### DATASET
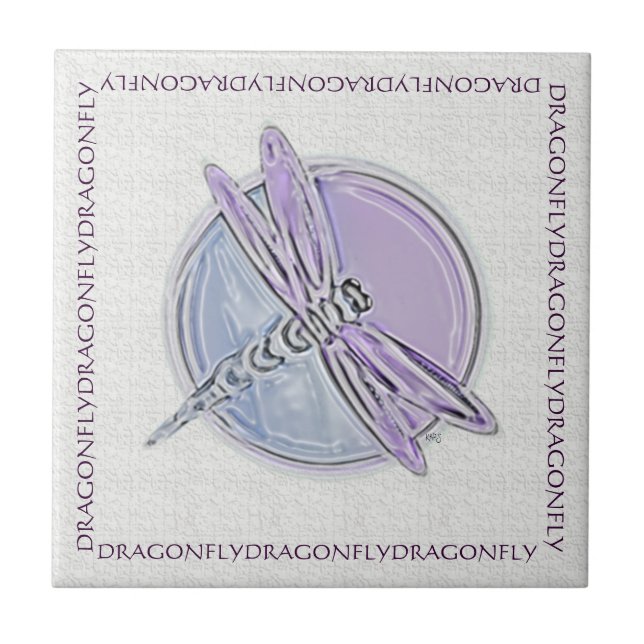 Dragonfly Purple Blue Symbol Tile (Front)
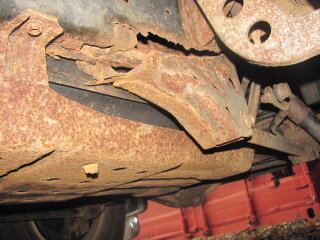Rusted 4Runner frame section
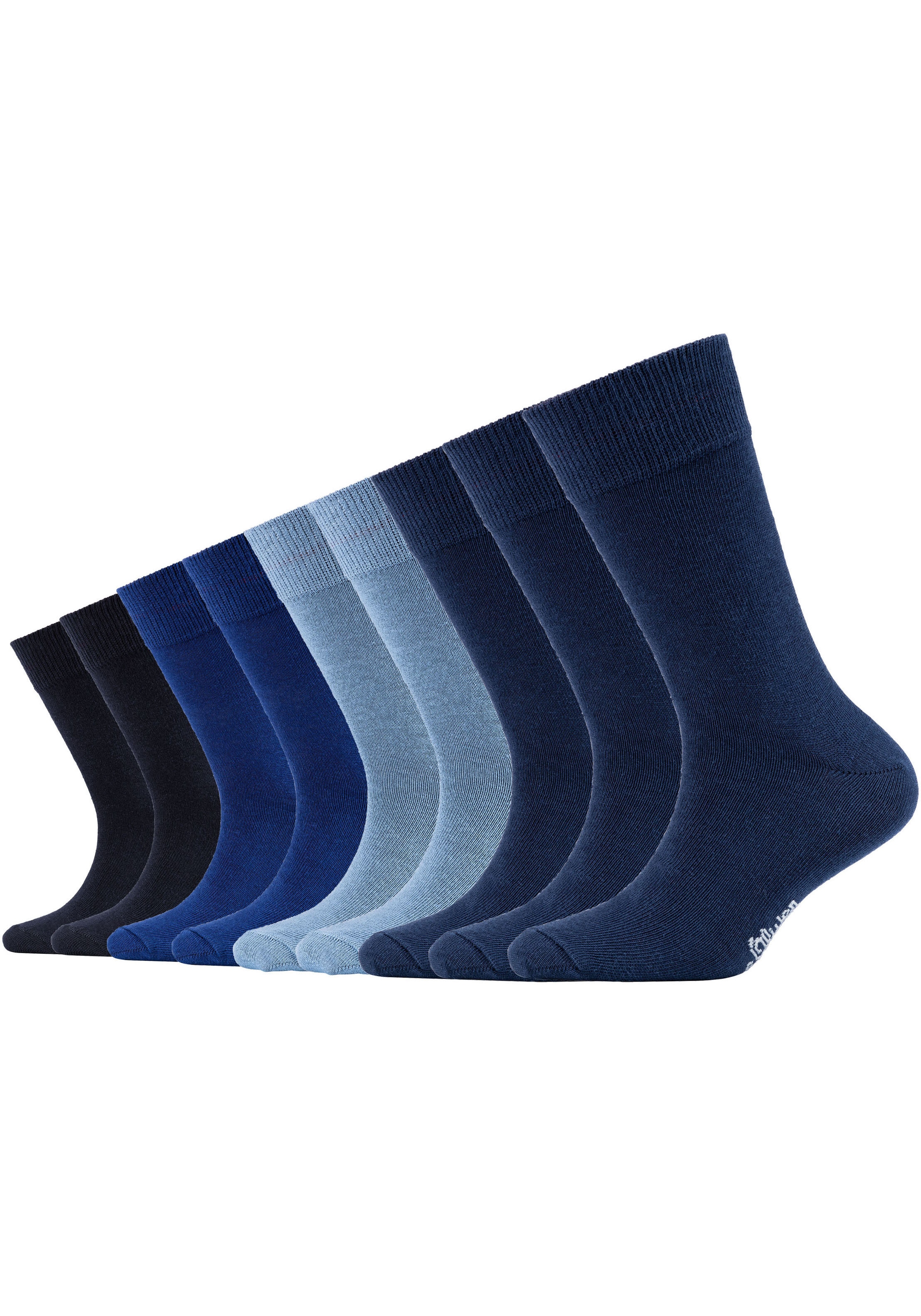 Socken S.OLIVER "essentials", Kinder, Gr. 35-38, blau (blautöne), Baumwollmischung, unifarben, normal, Socken, mit weichem Bund Image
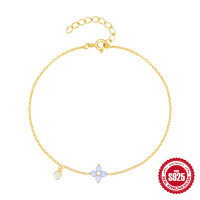925 Silver Gold-Plated Geometric Chain Bracelet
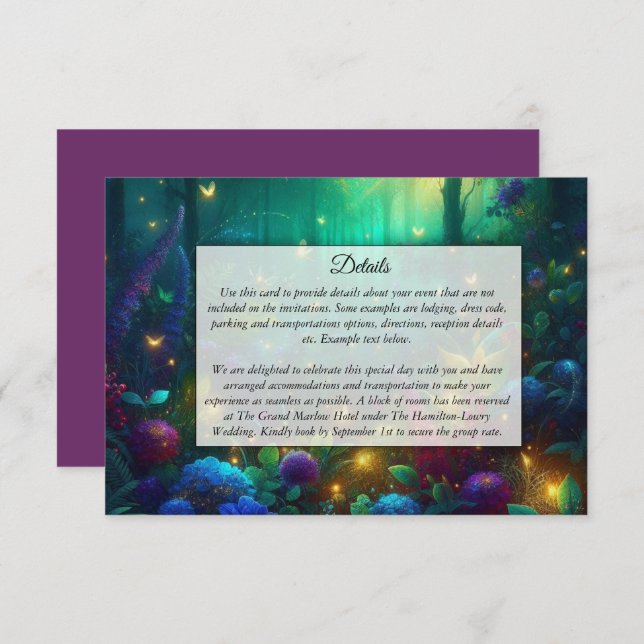 Enchanted Forest of Radiant Jewels Enclosure Card (Front/Back)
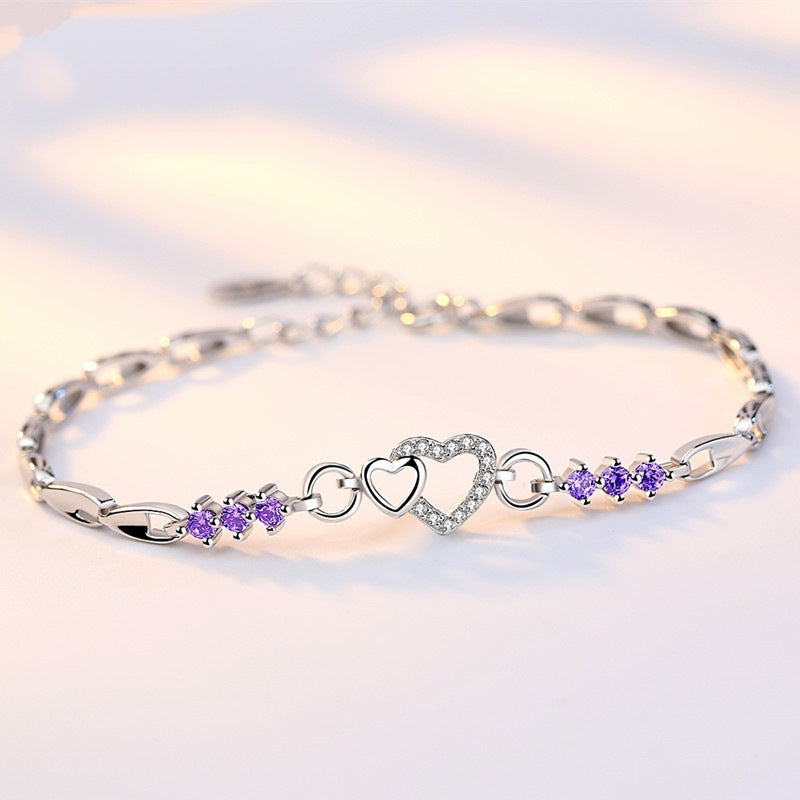 Live Broadcast Amethyst Sier Color Diamond Bracelet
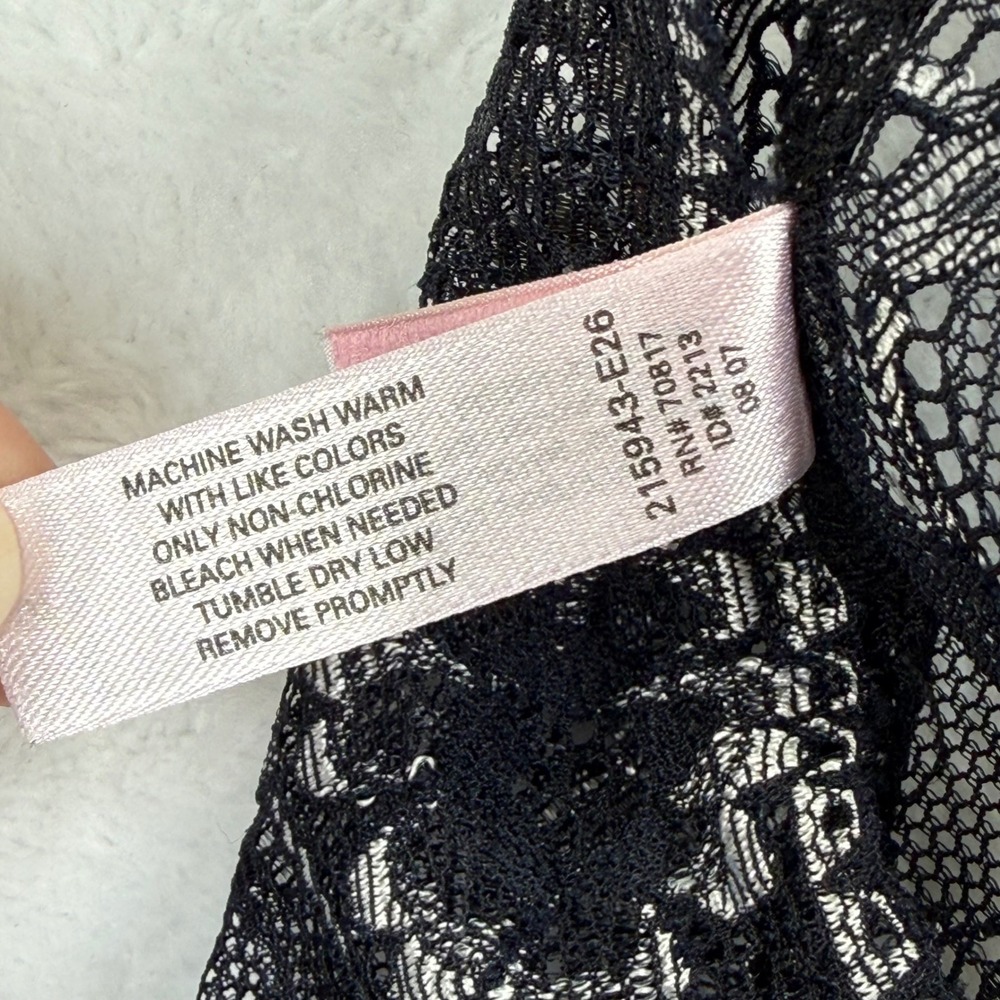 Victoria's Secret Very Sexy Black Lace Silver Metallic Halter Teddy Bodysuit S - Picture 8 of 10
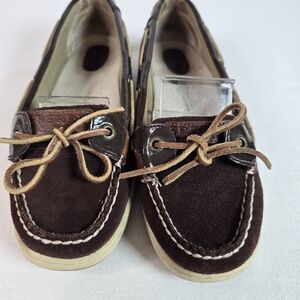 Sperry Womens_Topsider Slipon Shoes Size 8M Brown Leather Uppers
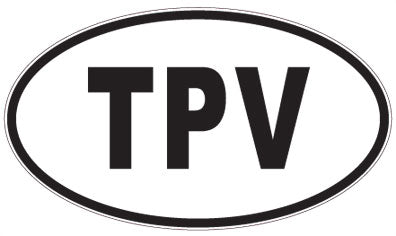 TPV - 3 Letter Initials Oval Magnet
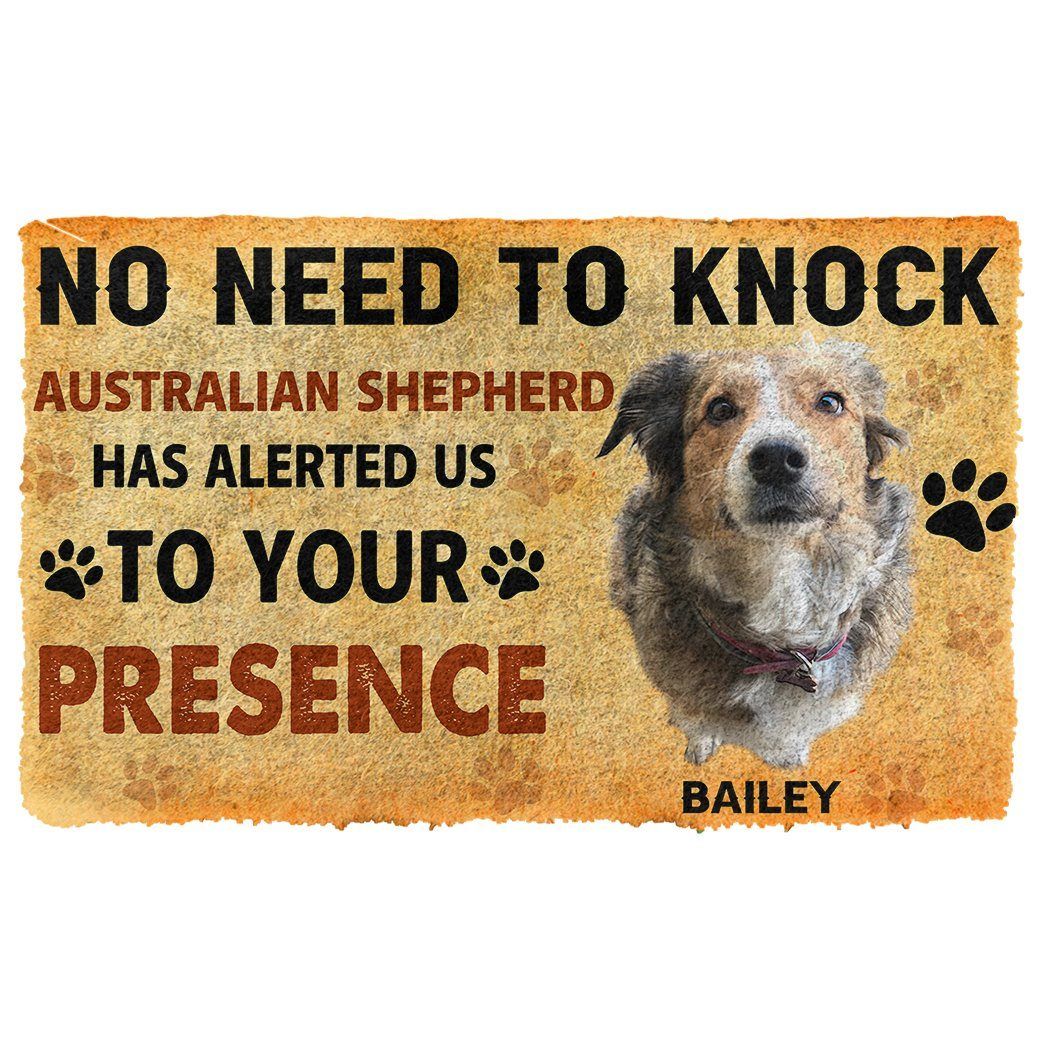 Gearhumans 3D No Need To Knock Australian Shepherd Custom Name Doormat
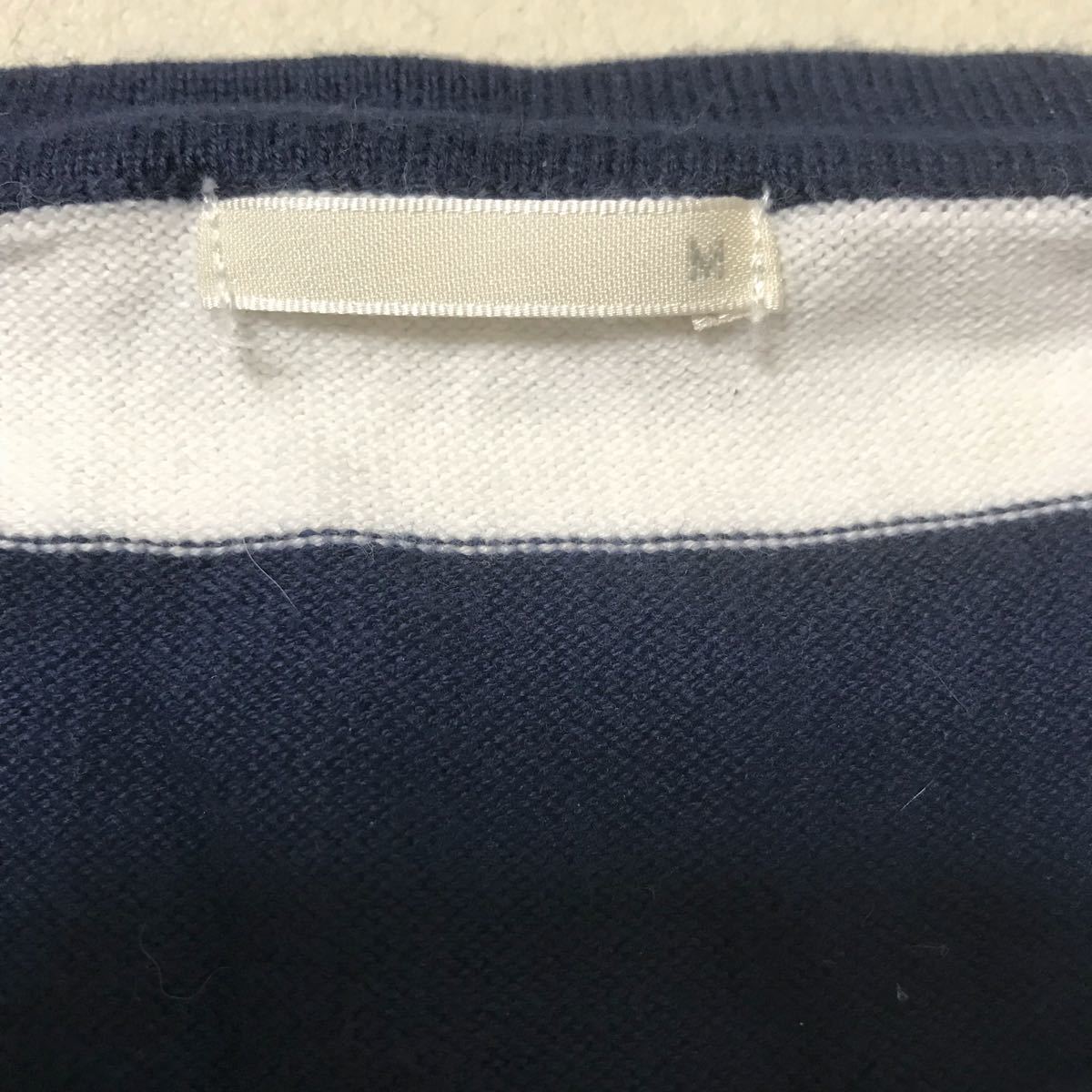 GU コットンボーダークルーネックセーター 白/紺 Mサイズ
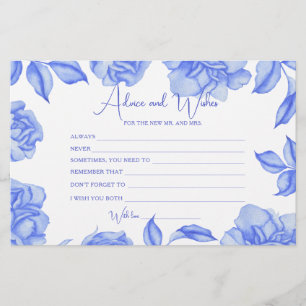 blaue Florale Brautparty-Tipps und -Wünsche Briefpapier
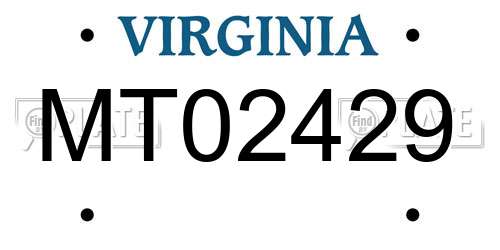 MT02429 Virginia License Plate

### TASK TO COMPLETE
Print each line of the listing, starting at its first and ending with the line that holds "weichem Bund Image", but skip any pictures.

### EXERCISE ANSWER
 Dragonfly Purple Blue Symbol Tile (Front)
Rusted 4Runner frame section
 Socken S.OLIVER "essentials", Kinder, Gr. 35-38, blau (blautöne), Baumwollmischung, unifarben, normal, Socken, mit weichem Bund Image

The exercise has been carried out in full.